*** Dataset section ***

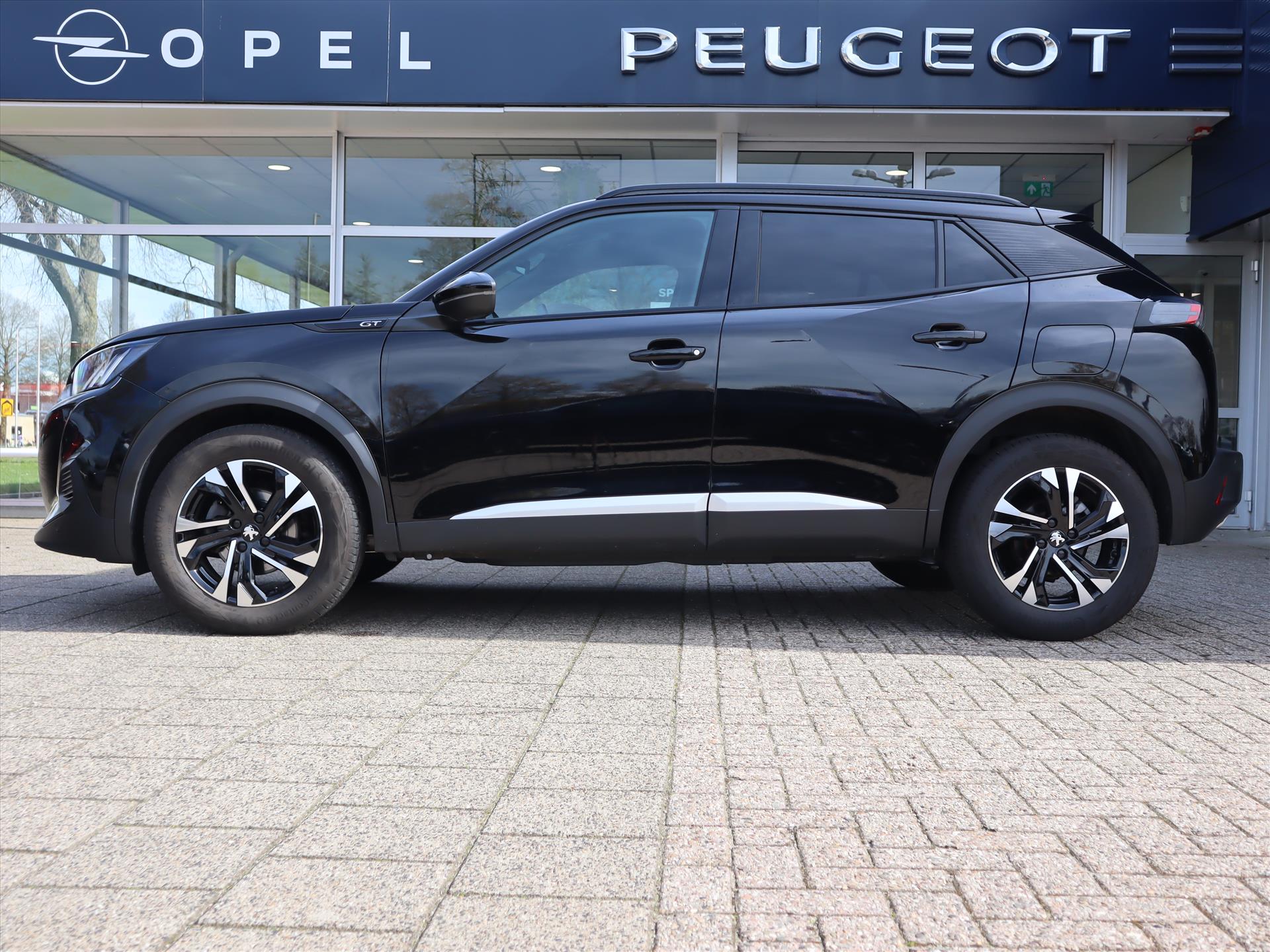Peugeot 2008 SUV GT Puretech 130PK EAT8 Automaat, Rijklaarprijs, Adaptieve Cruise Control Navigatie DAB+ Camera - Afbeelding 2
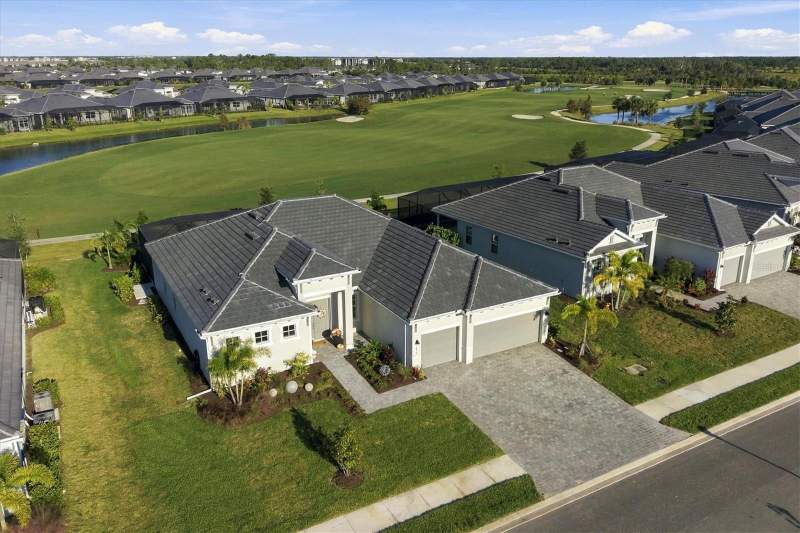 3 bedroom Single Family Residence at 12875 Wellen Golf Street, Wellen Park Golf & Country Club, Venice — photo 2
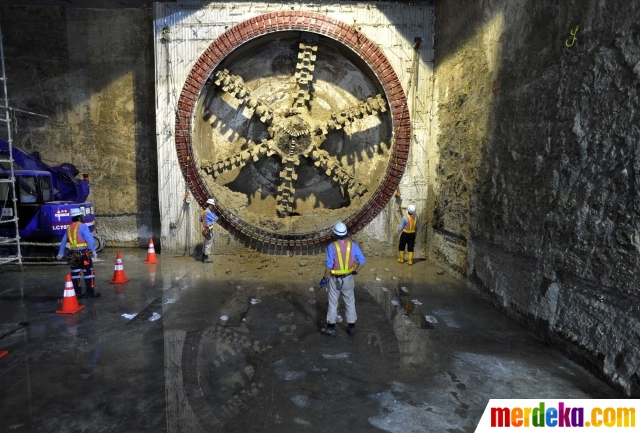 4 Mesin Bor MRT Telah Beroperasi Membuat Terowongan Jalur Bawah Tanah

***

## [What the task asks]
Make an exact copy of the whole listing, but don't bring over any pictures.

## [Solution to this exercise]
Peugeot 2008 SUV GT Puretech 130PK EAT8 Automaat, Rijklaarprijs, Adaptieve Cruise Control Navigatie DAB+ Camera - Afbeelding 2
 3 bedroom Single Family Residence at 12875 Wellen Golf Street, Wellen Park Golf & Country Club, Venice — photo 2
 4 Mesin Bor MRT Telah Beroperasi Membuat Terowongan Jalur Bawah Tanah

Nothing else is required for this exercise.